Parameters: name (required), css / xpath (required), format (required), quant (optional, default '*'), attr (optional, default '_text'), namespaces (optional)

Returns the datetime object constructed out of the parsed data with: datetime.strptime(value, format).

Use format parameter to specify how to parse the datetime object. Syntax is described in the Python documentation.

Example:

>>> DateTime(name='christmas', css='span', quant=1, format='%d.%m.%Y').parse('<span>24.12.2015</span>')
{'christmas': datetime.datetime(2015, 12, 24, 0, 0)}

Element

Parameters: name (required), css / xpath (required), quant (optional, default '*'), namespaces (optional)
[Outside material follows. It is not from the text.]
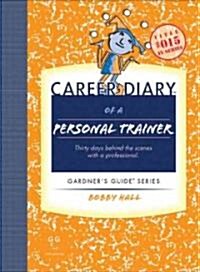 Career Diary of a Personal Trainer (Paperback)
Returns the instance of lxml.etree._Element.

This parser doesn’t extract any value, but returns the matched element itself.

Example:

>>> Element(name='span', css='span', quant=1).parse('<span>Hello</span>')
{'span': <Element span at 0x2ac2990>}

Group

Parameters: name (required), css / xpath (required), children (required), quant (optional, default '*'), namespaces (optional)
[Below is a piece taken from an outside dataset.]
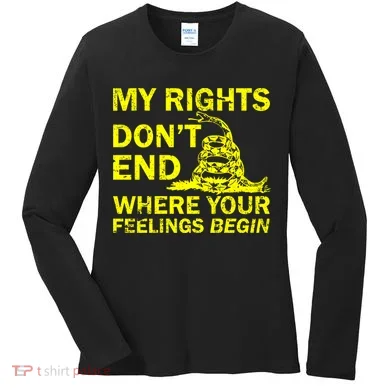 Rights Don't End Where Feelings Begin Women's Long Sleeve Shirt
Returns the dictionary containing the data extracted by the parsers listed in children parameter.

Typical use case for this parser is when you want to parse a list of user profiles and each profile further contains additional fields like name, address, etc. Use Group parser to group the fields of each profile together.

Example:

>>> html = '<ul><li id="id1">Hello</li> <li id="id2">world!</li></ul>'
>>> Group(name='data', css='li', quant=2, children=[
...     String(name='id', xpath='self::*', quant=1, attr='id'),
...     String(name='text', xpath='self::*', quant=1)
... ]).parse(html)
{'data': [
    {'text': u'Hello', 'id': u'id1'},
    {'text': u'world!', 'id': u'id2'}]}

Prefix

Parser parameters

name

Parsers: String, Url, DateTime, Element, Group

Specifies the dictionary key under which to store the extracted data.
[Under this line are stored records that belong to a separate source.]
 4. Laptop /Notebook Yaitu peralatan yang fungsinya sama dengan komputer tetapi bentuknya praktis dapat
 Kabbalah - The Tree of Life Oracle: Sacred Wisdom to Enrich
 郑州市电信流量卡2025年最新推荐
If multiple parsers under the Group or Prefix parser have the same name, the behavior is undefined.

css / xpath

Parsers: String, Url, DateTime, Element, Group, Prefix

Use either css or xpath parameter (but not both) to select the elements from which to extract the data.

Under the hood css selectors are translated into equivalent xpath selectors.

For the children of the Prefix or Group parsers the elements are selected relative to the elements matched by the parent parser. For example:

Prefix(xpath='//*[@id="profile"]', children=[
    # equivalent to: //*[@id="profile"]/descendant-or-self::*[@class="full-name"]
    String(name='name', css='.full-name', quant=1),
    # equivalent to: //*[@id="profile"]/*[@class="title"]
    String(name='title', xpath='*[@class="title"]', quant=1),
    # equivalent to: //*[@class="subtitle"]
    String(name='subtitle', xpath='//*[@class="subtitle"]', quant=1)
])

quant

Parsers: String, Url, DateTime, Element, Group

Default value: '*'

Number of matched elements is validated against the quant parameter. If the number of elements doesn’t match the expected quantity, ParsingError exception is raised. In practice you can use this to be notified when the website changed its HTML structure.

Syntax for quant mimics the regular expressions. You can either pass the value as a string, single integer or tuple of two integers.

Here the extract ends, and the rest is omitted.